I don't think we were complacent in our work, simply because we knew we had a reputation to uphold. It was something subconscious within everyone I guess, knowing that excelling in our work was not merely something that would be good for ourselves, but that we would do the school and our families proud. Even for those of us who became these supercritical cynics that were seemingly apathetic, it was because we cared too much that we were always voicing out our discontentment so that the school could improve, only that we knew we couldn't do anything about it so we turned apathetic. Either way, what perfectly sensible and intelligent students think are good for the school don't mean anything to Board of Governors or Directors who would find it hard to accept that students of 13-18 had the mental capacity for positive change on such a scale. I guess their impressions of us would always stay at that when they themselves were 13-18, i.e. kampung kids. Bleargh. Guess they still need to accept theories that better nutrition nowadays leads to accelerated brain developments. Either way, that was then.

I don't know what students think about nowadays. Perhaps they view their current education in Hwa Chong akind to getting onboard a train to further their education and that's that, heading mindlessly for a degree (and hopefully a top 10% Hwa Chong Diploma). After their A levels, well, it's just getting off the train. How about a more precise one, a view of what's happening now: that Hwa Chong is a company with a CEO and students are just their products. Oh yes, students are simply products, vessels that can hold academic information, and at the end of it if you can't produce the information to Cambridge, then ta-ta, into the dustbin you go. Every Hwa Chong student perhaps would have felt like that since the merger, but honestly, what can we do? It simply furthers our motivation to work even harder in the neverending rat race. So don't blame your Hwa Chong friends if they mug too hard or don't have much of a life outside of academia, it's what they've been taught and conditioned to do by their CEO and his fellow school governors. A true-life dystopia eh?

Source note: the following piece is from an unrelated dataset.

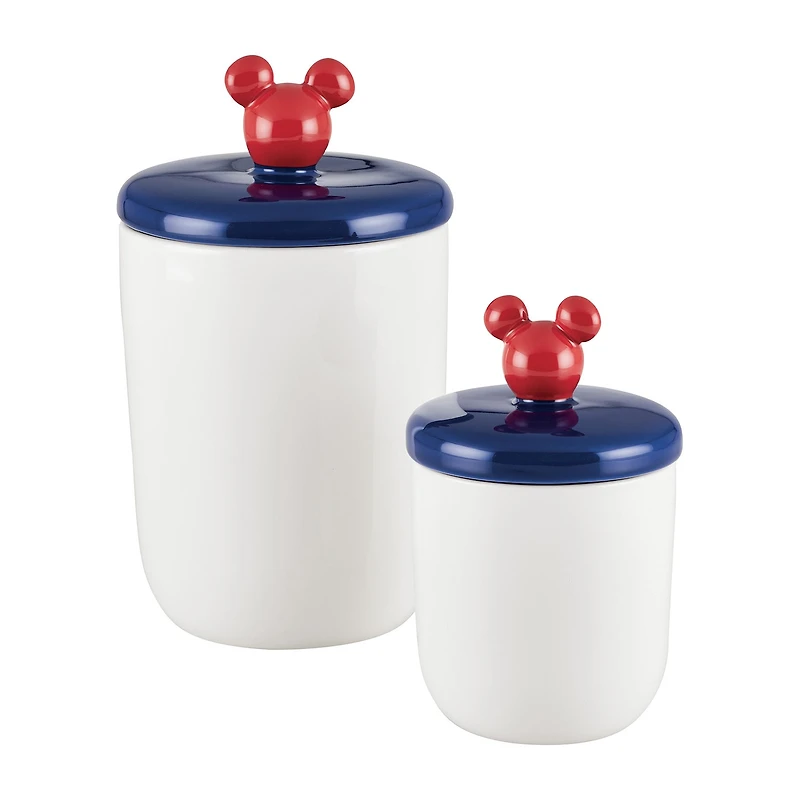 Disney Home Ceramic 2-pc. Canister Set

I miss my teachers, because they were the ones that really made the school into the school; sans those who have been all accomodating to school administration, who simply care about their own livelihood and sacrifice their moral integrity to appear as these ideal law abiding teachers but totally at the expense of their students. Who needs a CCA teacher-in-charge if HE doesn't fight for the CCA? What's the point of putting him in-charge? Might as well call him the Hermes of the school administration (and for goodness sake, we don't even know whether it's really just HIM or the school administration) If it's any injustice I feel, it's for my juniors, it's for the students and it's for 28 generations of students who have painstakingly year after year been putting up a theatre performance at Victoria Theatre only to now face its potential demise all because of HIM. I abhor the sight of him, simply because if you think your life sucks, then so be it, you don't have to implicate students and the work that they do to make them think that their life should suck as badly as yours.

Huang Cheng gave me a purpose in Junior College. Had it not been for Huang Cheng, I probably wouldn't have missed Hwa Chong Junior College as much as I do now. It made me realise that there were still like minded people who didn't get tainted by cynicism, and people who still viewed school life more than mere academics. That's why I will press on even harder to make sure the very thing that gave me a purpose in my JC student life doesn't die off because of an individual. But that if she does die off, it is because society has triumphed in poisoning all young minds that academics are all there is to life.

For all the angst, I still miss Hwa Chong. It truly moulded me into who I am today. Even the negative experiences, because I now know I do not ever want to become like some of these people, or put myself into a situation like those I had faced. Teachers that taught me beyond the textbook, friends that have become close companions, if not for Hwa Chong, I never would have met them. Truly, although we might never relive them, they will always remain vivid and alive memories within us.

Hwa Chong, my alma mater. A place that taught me so much more about life.